**Work required:** Transcribe the entire listing exactly.

**Stored data:**

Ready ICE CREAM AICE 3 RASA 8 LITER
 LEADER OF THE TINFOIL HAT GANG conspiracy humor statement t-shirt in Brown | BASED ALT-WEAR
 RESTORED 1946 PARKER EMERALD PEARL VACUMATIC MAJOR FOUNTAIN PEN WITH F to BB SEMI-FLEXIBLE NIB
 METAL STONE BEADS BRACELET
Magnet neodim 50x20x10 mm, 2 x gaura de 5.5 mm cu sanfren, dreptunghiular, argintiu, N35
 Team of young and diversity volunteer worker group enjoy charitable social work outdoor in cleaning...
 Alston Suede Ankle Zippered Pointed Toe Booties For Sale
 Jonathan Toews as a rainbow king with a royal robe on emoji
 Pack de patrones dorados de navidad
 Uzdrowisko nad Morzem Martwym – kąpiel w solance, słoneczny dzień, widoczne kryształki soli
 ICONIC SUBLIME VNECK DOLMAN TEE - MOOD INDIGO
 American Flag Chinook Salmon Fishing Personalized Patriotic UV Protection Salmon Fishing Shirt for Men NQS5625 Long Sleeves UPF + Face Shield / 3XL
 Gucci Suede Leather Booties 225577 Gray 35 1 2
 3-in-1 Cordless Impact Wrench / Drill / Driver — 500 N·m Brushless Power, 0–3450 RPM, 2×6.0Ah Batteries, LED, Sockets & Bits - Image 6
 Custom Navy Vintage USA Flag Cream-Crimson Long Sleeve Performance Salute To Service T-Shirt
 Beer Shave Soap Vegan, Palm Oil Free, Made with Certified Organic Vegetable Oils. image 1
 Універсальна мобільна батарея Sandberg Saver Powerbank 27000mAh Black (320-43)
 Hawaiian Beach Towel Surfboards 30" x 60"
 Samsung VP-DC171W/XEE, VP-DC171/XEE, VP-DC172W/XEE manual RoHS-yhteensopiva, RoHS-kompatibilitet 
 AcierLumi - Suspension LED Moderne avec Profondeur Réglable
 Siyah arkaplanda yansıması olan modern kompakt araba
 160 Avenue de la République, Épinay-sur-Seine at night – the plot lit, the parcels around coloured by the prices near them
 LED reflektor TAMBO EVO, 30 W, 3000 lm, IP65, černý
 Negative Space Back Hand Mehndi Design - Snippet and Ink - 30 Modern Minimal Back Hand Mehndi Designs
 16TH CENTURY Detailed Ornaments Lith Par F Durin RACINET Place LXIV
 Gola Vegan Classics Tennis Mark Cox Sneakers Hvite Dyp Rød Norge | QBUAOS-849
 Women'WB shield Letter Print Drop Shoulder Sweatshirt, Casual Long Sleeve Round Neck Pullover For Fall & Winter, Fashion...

**Task answer:**
Ready ICE CREAM AICE 3 RASA 8 LITER
 LEADER OF THE TINFOIL HAT GANG conspiracy humor statement t-shirt in Brown | BASED ALT-WEAR
 RESTORED 1946 PARKER EMERALD PEARL VACUMATIC MAJOR FOUNTAIN PEN WITH F to BB SEMI-FLEXIBLE NIB
 METAL STONE BEADS BRACELET
Magnet neodim 50x20x10 mm, 2 x gaura de 5.5 mm cu sanfren, dreptunghiular, argintiu, N35
 Team of young and diversity volunteer worker group enjoy charitable social work outdoor in cleaning...
 Alston Suede Ankle Zippered Pointed Toe Booties For Sale
 Jonathan Toews as a rainbow king with a royal robe on emoji
 Pack de patrones dorados de navidad
 Uzdrowisko nad Morzem Martwym – kąpiel w solance, słoneczny dzień, widoczne kryształki soli
 ICONIC SUBLIME VNECK DOLMAN TEE - MOOD INDIGO
 American Flag Chinook Salmon Fishing Personalized Patriotic UV Protection Salmon Fishing Shirt for Men NQS5625 Long Sleeves UPF + Face Shield / 3XL
 Gucci Suede Leather Booties 225577 Gray 35 1 2
 3-in-1 Cordless Impact Wrench / Drill / Driver — 500 N·m Brushless Power, 0–3450 RPM, 2×6.0Ah Batteries, LED, Sockets & Bits - Image 6
 Custom Navy Vintage USA Flag Cream-Crimson Long Sleeve Performance Salute To Service T-Shirt
 Beer Shave Soap Vegan, Palm Oil Free, Made with Certified Organic Vegetable Oils. image 1
 Універсальна мобільна батарея Sandberg Saver Powerbank 27000mAh Black (320-43)
 Hawaiian Beach Towel Surfboards 30" x 60"
 Samsung VP-DC171W/XEE, VP-DC171/XEE, VP-DC172W/XEE manual RoHS-yhteensopiva, RoHS-kompatibilitet 
 AcierLumi - Suspension LED Moderne avec Profondeur Réglable
 Siyah arkaplanda yansıması olan modern kompakt araba
 160 Avenue de la République, Épinay-sur-Seine at night – the plot lit, the parcels around coloured by the prices near them
 LED reflektor TAMBO EVO, 30 W, 3000 lm, IP65, černý
 Negative Space Back Hand Mehndi Design - Snippet and Ink - 30 Modern Minimal Back Hand Mehndi Designs
 16TH CENTURY Detailed Ornaments Lith Par F Durin RACINET Place LXIV
 Gola Vegan Classics Tennis Mark Cox Sneakers Hvite Dyp Rød Norge | QBUAOS-849
 Women'WB shield Letter Print Drop Shoulder Sweatshirt, Casual Long Sleeve Round Neck Pullover For Fall & Winter, Fashion...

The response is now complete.